Material provided START

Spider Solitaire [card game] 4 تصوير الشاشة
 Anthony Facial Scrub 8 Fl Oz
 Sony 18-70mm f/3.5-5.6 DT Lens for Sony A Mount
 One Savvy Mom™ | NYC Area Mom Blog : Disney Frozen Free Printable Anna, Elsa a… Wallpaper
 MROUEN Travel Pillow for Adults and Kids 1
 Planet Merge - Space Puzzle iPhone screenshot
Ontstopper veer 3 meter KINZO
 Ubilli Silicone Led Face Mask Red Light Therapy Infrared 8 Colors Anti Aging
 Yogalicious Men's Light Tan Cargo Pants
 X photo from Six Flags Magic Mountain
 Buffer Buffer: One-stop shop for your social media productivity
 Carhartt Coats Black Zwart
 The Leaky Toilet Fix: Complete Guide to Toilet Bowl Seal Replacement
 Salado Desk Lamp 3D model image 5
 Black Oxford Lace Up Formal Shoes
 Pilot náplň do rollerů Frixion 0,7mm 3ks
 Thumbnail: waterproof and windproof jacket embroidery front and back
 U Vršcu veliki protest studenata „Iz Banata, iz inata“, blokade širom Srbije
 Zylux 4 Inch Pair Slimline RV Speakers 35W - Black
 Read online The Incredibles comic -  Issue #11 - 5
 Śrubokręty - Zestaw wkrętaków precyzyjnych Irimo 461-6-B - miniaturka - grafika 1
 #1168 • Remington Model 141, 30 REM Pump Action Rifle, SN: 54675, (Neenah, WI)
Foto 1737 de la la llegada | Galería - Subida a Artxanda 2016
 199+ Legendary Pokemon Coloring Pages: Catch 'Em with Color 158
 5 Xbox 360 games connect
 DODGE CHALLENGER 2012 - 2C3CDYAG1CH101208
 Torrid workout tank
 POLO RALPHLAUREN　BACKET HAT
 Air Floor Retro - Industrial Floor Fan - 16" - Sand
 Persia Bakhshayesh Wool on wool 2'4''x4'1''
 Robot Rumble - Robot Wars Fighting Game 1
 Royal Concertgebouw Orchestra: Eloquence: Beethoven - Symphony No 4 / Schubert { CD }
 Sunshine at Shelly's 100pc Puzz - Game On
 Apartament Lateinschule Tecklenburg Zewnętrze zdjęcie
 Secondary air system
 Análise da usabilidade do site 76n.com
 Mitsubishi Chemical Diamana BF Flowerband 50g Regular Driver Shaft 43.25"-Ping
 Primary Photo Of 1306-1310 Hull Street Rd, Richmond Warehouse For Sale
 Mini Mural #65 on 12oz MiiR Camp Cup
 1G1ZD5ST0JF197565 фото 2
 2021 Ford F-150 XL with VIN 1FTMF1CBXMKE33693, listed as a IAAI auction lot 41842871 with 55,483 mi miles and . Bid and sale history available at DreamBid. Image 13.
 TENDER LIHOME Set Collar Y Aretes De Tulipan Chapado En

Material provided END

» What you have to do
Reproduce each line of the data without any change.

» Result of this task
Spider Solitaire [card game] 4 تصوير الشاشة
 Anthony Facial Scrub 8 Fl Oz
 Sony 18-70mm f/3.5-5.6 DT Lens for Sony A Mount
 One Savvy Mom™ | NYC Area Mom Blog : Disney Frozen Free Printable Anna, Elsa a… Wallpaper
 MROUEN Travel Pillow for Adults and Kids 1
 Planet Merge - Space Puzzle iPhone screenshot
Ontstopper veer 3 meter KINZO
 Ubilli Silicone Led Face Mask Red Light Therapy Infrared 8 Colors Anti Aging
 Yogalicious Men's Light Tan Cargo Pants
 X photo from Six Flags Magic Mountain
 Buffer Buffer: One-stop shop for your social media productivity
 Carhartt Coats Black Zwart
 The Leaky Toilet Fix: Complete Guide to Toilet Bowl Seal Replacement
 Salado Desk Lamp 3D model image 5
 Black Oxford Lace Up Formal Shoes
 Pilot náplň do rollerů Frixion 0,7mm 3ks
 Thumbnail: waterproof and windproof jacket embroidery front and back
 U Vršcu veliki protest studenata „Iz Banata, iz inata“, blokade širom Srbije
 Zylux 4 Inch Pair Slimline RV Speakers 35W - Black
 Read online The Incredibles comic -  Issue #11 - 5
 Śrubokręty - Zestaw wkrętaków precyzyjnych Irimo 461-6-B - miniaturka - grafika 1
 #1168 • Remington Model 141, 30 REM Pump Action Rifle, SN: 54675, (Neenah, WI)
Foto 1737 de la la llegada | Galería - Subida a Artxanda 2016
 199+ Legendary Pokemon Coloring Pages: Catch 'Em with Color 158
 5 Xbox 360 games connect
 DODGE CHALLENGER 2012 - 2C3CDYAG1CH101208
 Torrid workout tank
 POLO RALPHLAUREN　BACKET HAT
 Air Floor Retro - Industrial Floor Fan - 16" - Sand
 Persia Bakhshayesh Wool on wool 2'4''x4'1''
 Robot Rumble - Robot Wars Fighting Game 1
 Royal Concertgebouw Orchestra: Eloquence: Beethoven - Symphony No 4 / Schubert { CD }
 Sunshine at Shelly's 100pc Puzz - Game On
 Apartament Lateinschule Tecklenburg Zewnętrze zdjęcie
 Secondary air system
 Análise da usabilidade do site 76n.com
 Mitsubishi Chemical Diamana BF Flowerband 50g Regular Driver Shaft 43.25"-Ping
 Primary Photo Of 1306-1310 Hull Street Rd, Richmond Warehouse For Sale
 Mini Mural #65 on 12oz MiiR Camp Cup
 1G1ZD5ST0JF197565 фото 2
 2021 Ford F-150 XL with VIN 1FTMF1CBXMKE33693, listed as a IAAI auction lot 41842871 with 55,483 mi miles and . Bid and sale history available at DreamBid. Image 13.
 TENDER LIHOME Set Collar Y Aretes De Tulipan Chapado En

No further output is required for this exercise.